In the past, Sea Power live shows have featured bear-suited mascots and copious onstage foliage. This time the tree branches are present and correct, while several fans down the front appear to have come equipped with hiking gear. From their old-fashioned evocations of the natural world to their frontman’s carefully parted hair, there’s certainly a feel of a band out of time.

Just as their name evokes the awesome elemental power of the oceans, so too does opening track Heavenly Waters, a weighty, proggy instrumental that captures the awe and spectacle of the natural world, while Oh Larsen B sounds like The Strokes if they wrote songs about wandering icebergs rather than having sex with models in scuzzy New York bathrooms.

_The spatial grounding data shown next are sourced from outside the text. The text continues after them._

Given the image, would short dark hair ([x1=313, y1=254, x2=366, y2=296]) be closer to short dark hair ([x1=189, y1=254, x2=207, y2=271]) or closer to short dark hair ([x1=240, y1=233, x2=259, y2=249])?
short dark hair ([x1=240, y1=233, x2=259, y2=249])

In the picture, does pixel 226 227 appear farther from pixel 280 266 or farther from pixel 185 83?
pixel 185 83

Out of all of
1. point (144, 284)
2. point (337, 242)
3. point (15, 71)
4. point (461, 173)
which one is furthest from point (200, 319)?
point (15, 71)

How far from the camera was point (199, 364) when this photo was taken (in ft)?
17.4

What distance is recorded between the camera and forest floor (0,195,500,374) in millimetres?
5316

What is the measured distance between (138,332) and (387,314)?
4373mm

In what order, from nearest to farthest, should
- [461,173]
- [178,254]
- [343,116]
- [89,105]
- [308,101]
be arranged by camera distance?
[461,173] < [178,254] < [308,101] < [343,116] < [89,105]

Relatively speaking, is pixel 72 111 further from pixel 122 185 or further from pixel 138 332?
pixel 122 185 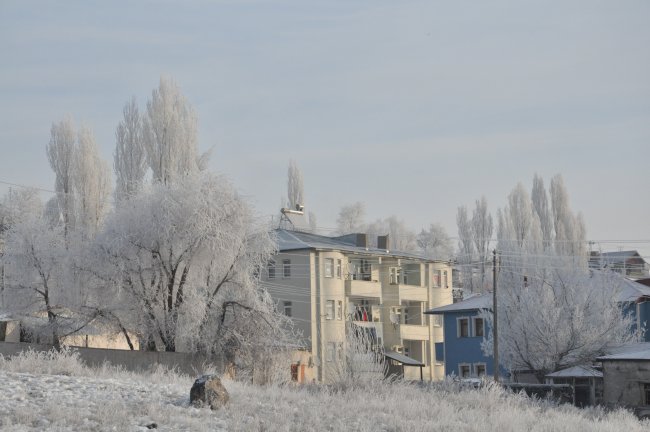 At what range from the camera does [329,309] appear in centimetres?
6706

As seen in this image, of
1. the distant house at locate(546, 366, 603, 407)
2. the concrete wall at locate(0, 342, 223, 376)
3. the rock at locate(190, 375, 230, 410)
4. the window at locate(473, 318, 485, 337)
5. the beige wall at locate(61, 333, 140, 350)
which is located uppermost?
the window at locate(473, 318, 485, 337)

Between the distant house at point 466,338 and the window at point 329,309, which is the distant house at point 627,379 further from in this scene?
the window at point 329,309

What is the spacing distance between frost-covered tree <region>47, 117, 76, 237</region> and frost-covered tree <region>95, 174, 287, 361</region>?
17.0 metres

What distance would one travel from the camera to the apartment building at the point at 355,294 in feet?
216

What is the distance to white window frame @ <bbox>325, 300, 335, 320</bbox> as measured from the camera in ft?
219

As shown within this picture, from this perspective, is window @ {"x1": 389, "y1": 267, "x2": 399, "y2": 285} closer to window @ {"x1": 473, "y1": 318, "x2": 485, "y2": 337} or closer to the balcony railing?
the balcony railing

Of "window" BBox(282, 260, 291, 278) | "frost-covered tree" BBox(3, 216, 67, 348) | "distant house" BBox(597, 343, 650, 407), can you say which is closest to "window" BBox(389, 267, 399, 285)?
"window" BBox(282, 260, 291, 278)

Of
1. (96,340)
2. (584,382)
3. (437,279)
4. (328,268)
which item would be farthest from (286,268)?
(584,382)

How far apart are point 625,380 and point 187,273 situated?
61.8 ft

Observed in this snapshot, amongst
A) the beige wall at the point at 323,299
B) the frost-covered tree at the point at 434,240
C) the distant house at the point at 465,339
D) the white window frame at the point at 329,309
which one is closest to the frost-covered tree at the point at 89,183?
the beige wall at the point at 323,299

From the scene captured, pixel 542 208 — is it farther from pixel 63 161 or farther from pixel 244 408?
pixel 244 408

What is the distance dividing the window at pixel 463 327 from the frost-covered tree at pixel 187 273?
21.4 m

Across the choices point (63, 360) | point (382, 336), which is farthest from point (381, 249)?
point (63, 360)

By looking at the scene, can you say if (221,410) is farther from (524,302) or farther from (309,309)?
(309,309) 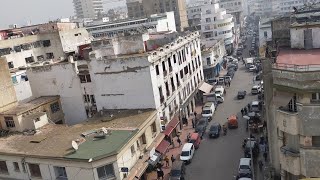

In the past the band have meandered from thundering post-punk to widescreen soundscapes but the new songs rolled out tonight are at the more accessible end of the Sea Power spectrum, with the throaty Two Fingers offering a singalong chorus and the thundering krautrock of Doppelganger dropping into a motorik groove. 

While their records have achieved a cult acclaim with their diehard audience of bespectacled 30-somethings, it was a non-musical achievement that thrust the band back into the public eye recently, with the decision to ditch the 'British' part of their former moniker unleashing screeds of commentary both critical and complimentary. However, any fans surprised at the decision to reject a name that the band felt evoked a narrow nationalism hadn’t been paying attention. On tracks like No Lucifer the band have long undercut martial imagery with lusty football chant backing vocals.

Tonight even Yan himself messes up and uses their old name on one occasion but it’s their new name that the crowd chants when they want more. It’s not a perfect set; neither brother is the strongest singer and not every song can reach the heights of Waving Flags, their anthem for open doors. But more than many of their more famous peers, Sea Power are an act you could still see making interesting, vital and complex music another two decades down the road.